Sabah daha kimse uyanmadan kalkıp okul için hazırlandım. Eşyalarımı alıp kendi evimin kapısını sessizce açıp içeri girdim ve kıyafetlerimi kendi dolabıma koyup çıktım.
Daha okulun başlamasına 40 dakika olduğu için yürüyerek gitmeye karar verdim. Hayır anlamıyorum bir an da ne olmuş olabilir de öyle davranmaya başlamıştı ki?
Eğer gerçekten böyle olmamızı istiyorsa istediğini alacaktı. Hem de öyle bir alacak ki süründüreceğim onu. Sen kimsin de benden ayrılıyorsun be?! (Bir adet atarlı Jungkook bırakıyorum buraya kskskdkdkks)
Okul bahçesine girdiğimde dersin başlamasına 15 dakika vardı ve bahçedekiler beni görünce fısıldaşmaya başladılar. Rahatsız olup daha hızlı yürüyüp sınıfıma gittim.
Bahçede Yoongi'nin arabasını görmemiştim, demek ki daha gelmedi. Her neyse hep onu düşünecek halim yok değil mi? Sıramdan kalkıp lavaboya ilerledim. Tuvalette bir kabinde işimi hallederken tahminimce iki kişi girdi.
"Duydun mu Yoongi hocayla şu yaşı büyük olan öğrenci komşularmış."
"Evet hatta dün sabah beraber geldiler okula."
"Az önce koridorda kızlardan duydum da o öğrenci bu sabah tek gelmiş."
"Bunu bilmiyordum. Bence aralarında bir şey oldu ve sonradan tartıştılar, sence?"
"Sana bir şey söyleyeceğim ama aramızda kalsın tamam mı?"
"Tabii kanka, ne zaman laf taşıdığımı gördün?" (Kesinlikle az önce yapmadı xöxşpdme)
"Olum biliyorsun ben eşcinselim ve-"
"Yoongi hocadan etkileniyorsun, biliyorum. Hatta onunla yatmayı hayal ettiğini de biliyoru-"
Kabinden çıkıp ikisine de göz attıktan sonra yüzü kızarmış olanın yakalarından tutup duvara çarptırdım. İlk dedikodumu yap sonra sevgilime sulan. Yok öyle. Ne demek yatmak lan?!
Bir dakika artık sevgilim değildi.

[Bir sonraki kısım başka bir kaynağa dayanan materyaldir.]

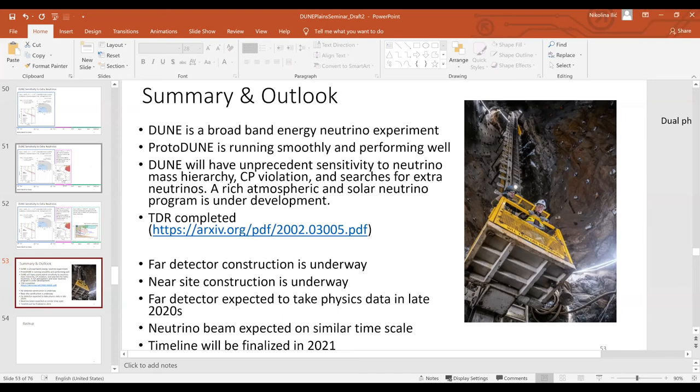Thank you so much, Professor Ilitch, for the wonderful talk. Are there any questions? A question about baselines: is the length of oscillations well constrained, so that with a 1,300 km baseline you know exactly how many oscillations you'll get and should definitely see a neutrino change type?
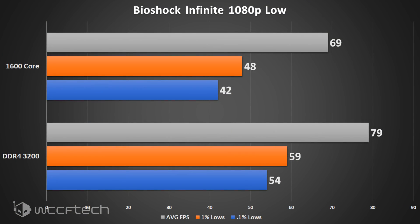Our first game was BioShock Infinite at 1080p low settings. We see about a 10 FPS difference on average FPS, and even more than that on the 0.1% and 1% lows. So even the slower GPU clock is faster when paired with faster memory.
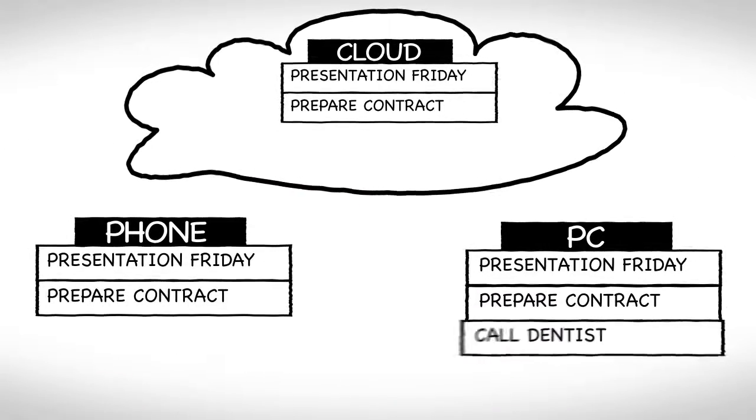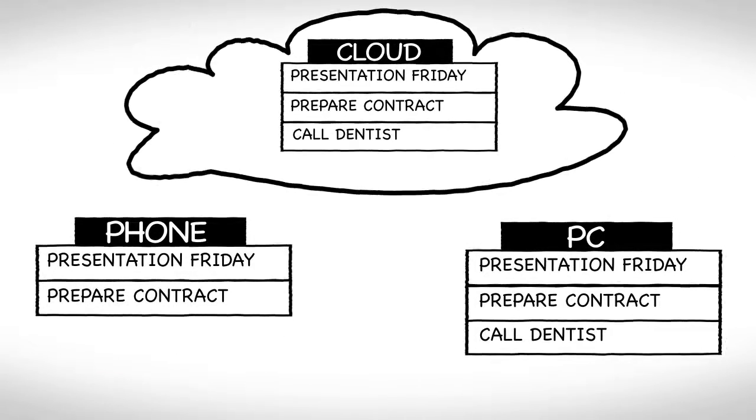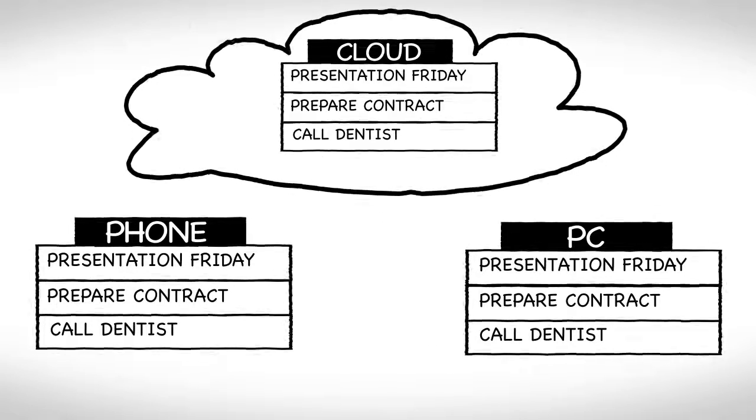Synchronization happens even when I'm doing nothing, and after a short while I can see that my phone is updated with the same tasks as on my computer.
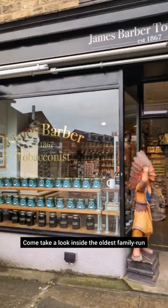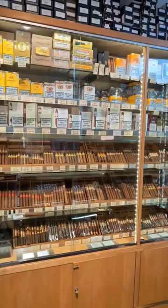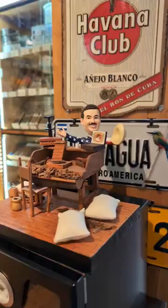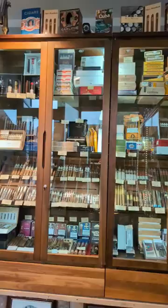Hello, come take a look inside the oldest family-run tobacconist in the UK, with a huge selection of cigars sold individually or by the box. Lots of quirky memorabilia. Even more cigars.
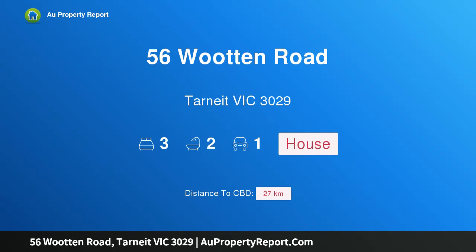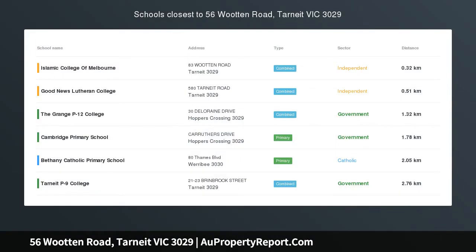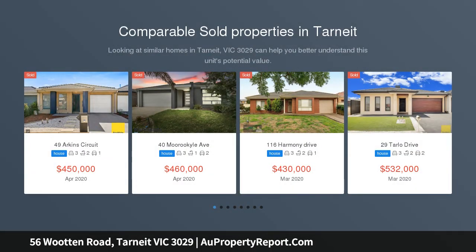Hi, I am glad to introduce property 56 Wootten Road, Tarneit, Victoria, 3029 — a quality young home in prime location. $10,000 FHOG for eligible buyers. Gray White Hoppers Crossing proudly presents 56 Wootten Road, Tarneit.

Yani ona ve onun çevresindekilere karışlamazdım. Ama bu piç çevresinde olmadığına göre ağzını kırabilirdim değil mi?
Tam yumruk atıcakken kalın ve sert bir ses buna engel oldu. "Hey! Ne yaptığınızı sanıyorsunuz?!"
Arkamı dönüp kim olduğuna baktığımda Yoongi olduğunu görüp hemen çocuğun yakalarını bıraktım. Bir şey olmamış gibi ellerimi yıkayıp, kurutmaya başladım.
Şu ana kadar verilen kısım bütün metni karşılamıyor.